I leave a cheap hobby pump in my sump plumbed to my house drain on an adjacent sink on the other side of a wall, I calculated how many gallons it removes from the entire skimmer section and set my saltwater mixing container float valve to the exact same gallons which is also adjacent to the tank in a closet. I hit 2 switches and my 18 gallon water change is done in 10 minutes without moving a muscle. I would never set up another tank without being able to plumb to my house. Heck even my skimmer is plumbed to the drain. I turn a valve and bye bye skimmate. Now I just need to add an auto neck cleaner.
 
If you are going to create an elaborate water changer like you have pictured, just get an automatic water changer and be done with it. You can do it via Apex with the upcoming Dos, SpectraPure LM3, Genesis Renew, etc etc.

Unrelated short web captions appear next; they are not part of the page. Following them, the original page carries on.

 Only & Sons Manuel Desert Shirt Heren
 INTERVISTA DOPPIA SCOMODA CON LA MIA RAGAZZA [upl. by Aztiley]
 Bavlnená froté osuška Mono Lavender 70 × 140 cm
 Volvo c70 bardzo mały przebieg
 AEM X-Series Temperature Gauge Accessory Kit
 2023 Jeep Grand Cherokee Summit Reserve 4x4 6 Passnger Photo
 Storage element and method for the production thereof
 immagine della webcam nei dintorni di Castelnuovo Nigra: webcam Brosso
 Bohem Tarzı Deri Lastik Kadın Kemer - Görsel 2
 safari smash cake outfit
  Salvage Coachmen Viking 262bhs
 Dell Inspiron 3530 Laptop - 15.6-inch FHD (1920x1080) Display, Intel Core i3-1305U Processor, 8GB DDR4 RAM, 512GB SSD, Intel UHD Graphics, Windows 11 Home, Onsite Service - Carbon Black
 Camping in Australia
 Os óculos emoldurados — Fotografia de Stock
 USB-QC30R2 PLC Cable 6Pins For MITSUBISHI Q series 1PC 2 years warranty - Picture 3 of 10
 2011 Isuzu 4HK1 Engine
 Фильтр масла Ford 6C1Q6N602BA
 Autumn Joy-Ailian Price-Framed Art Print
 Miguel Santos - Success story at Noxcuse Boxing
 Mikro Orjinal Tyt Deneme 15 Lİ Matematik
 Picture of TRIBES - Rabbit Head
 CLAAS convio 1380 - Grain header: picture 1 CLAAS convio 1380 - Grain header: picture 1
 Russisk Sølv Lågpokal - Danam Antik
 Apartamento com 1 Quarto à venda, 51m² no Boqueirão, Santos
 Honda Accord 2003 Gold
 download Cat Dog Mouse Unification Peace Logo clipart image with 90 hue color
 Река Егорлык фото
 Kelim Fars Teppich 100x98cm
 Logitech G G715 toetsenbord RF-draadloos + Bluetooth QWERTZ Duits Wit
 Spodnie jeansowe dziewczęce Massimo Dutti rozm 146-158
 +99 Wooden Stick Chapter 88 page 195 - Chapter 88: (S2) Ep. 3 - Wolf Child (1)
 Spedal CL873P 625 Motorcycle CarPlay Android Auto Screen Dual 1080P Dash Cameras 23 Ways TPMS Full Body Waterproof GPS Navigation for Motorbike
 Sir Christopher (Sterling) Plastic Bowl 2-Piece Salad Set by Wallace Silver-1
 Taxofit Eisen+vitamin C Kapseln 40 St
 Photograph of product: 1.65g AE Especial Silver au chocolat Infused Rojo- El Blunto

I have been using the Spectrapure LM3 for a month now and it is working great.
 
If you are going to create an elaborate water changer like you have pictured, just get an automatic water changer and be done with it. You can do it via Apex with the upcoming Dos, SpectraPure LM3, Genesis Renew, etc etc.

1. I'm new to the hobby and don't really know what's out there (I'll check out the suggestions - thanks :thumbsup:).

2. I doubt whether the off-the-shelf products will do everything I'd like them to, though I could be wrong.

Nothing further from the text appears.